Brazilian Bonds Shunned by Structured-Note Buyers as Real SlumpsYakob Peterseil
Sales of notes tied to Brazil’s sovereign bonds are off to their worst start in 13 years as investors turn their backs on deteriorating conditions in Latin America’s biggest economy.
Banks sold $11.8 million of the securities through Thursday, the least since 2002 and less than a third of the total for the same period last year, according to data compiled by Bloomberg. In all of 2014, banks issued $493 million of notes tied to Brazil and state-owned oil company Petroleo Brasileiro SA. This year, they’re on pace to sell less than $50 million.
Protesters swarmed the capital last weekend to rail against President Dilma Rousseff’s economic policies, which have been blamed for stalling growth and stoking inflation. Brazil’s economy will contract the most since 1990 this year, according to a central bank survey of economists and the International Monetary Fund. As a result, the cost of insuring against a Brazilian default has risen to an almost six-year high, while the real has sunk to its lowest level against the dollar since 2003.
“Brazil’s fiscal and macro situation has deteriorated considerably over the past year, and we do not yet see it bottoming in many aspects,” said Dev Ashish, Latin American strategist at Societe Generale SA in Bangalore, India.
Credit Agricole SA announced plans to sell $1.2 million of notes tied to Brazilian bonds on March 10, which would be just the third offering this year. The five-year securities, which settle March 24, pay a coupon tied to dollar swap rates, Bloomberg data show. Brazil’s Banco Itau BBA, last year’s biggest issuer of the notes with 23 percent of total sales, hasn’t done a single deal in 2015, Bloomberg data show.
Marcelo Serrano, a spokesman for Itau, and Karen Wilkens, a spokeswoman for Credit Agricole in London, didn’t return requests for comment.
Investors previously flocked to the securities because of the high yields on Brazil’s investment-grade bonds and central bank support for the real. Last year, banks sold more notes tied to Brazil and Petrobras than to all other Latin American countries combined. Brazil was the second-most linked-to sovereign, after Russia.
Both Russia and Brazil have seen the price of their default swaps rise on the back of crashing oil prices and political turmoil. Swaps on Brazil traded at 306 basis points on March 19, while Russia’s was at 490 basis points. A basis point is one hundredth of a percent.
Russia and its state-owned entities made up $1.02 billion of the credit-linked note sales last year. This year, banks have sold just $28.6 million of securities tied to state-owned Russian companies and none tied to its government debt.

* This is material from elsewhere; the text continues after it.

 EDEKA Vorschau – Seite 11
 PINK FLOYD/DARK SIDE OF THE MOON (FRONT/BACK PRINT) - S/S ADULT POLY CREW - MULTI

Total sales of credit-linked notes have fallen by almost half from the same period last year, to $4.63 billion, Bloomberg data show. Coupons on the notes come from selling default protection on the linked entity. Buyers of the notes are betting it won’t go bankrupt before the security matures.
Securities linked to Petrobras made up $180.2 million of notes sold tied to Brazil or its state-owned entities last year. The Rio de Janeiro-based oil producer has been all but shut out of bond markets and forced to sell units as it grapples with Brazil’s largest-ever corruption scandal. President Rousseff’s party has been accused of benefiting from the kickbacks, an allegation it denies.
Banks haven’t sold any of the notes denominated in reais this year as the currency has fallen 24 percent to 3.2919 per dollar. An official at Fitch Ratings said on March 17 that it’s reviewing Brazil’s investment-grade rating, with an announcement possibly coming in a few weeks.
Unrest in the country could “further complicate government efforts to restore investor confidence,” Mauro Leos, an analyst at Moody’s Investors Service, wrote in a March 18 research note.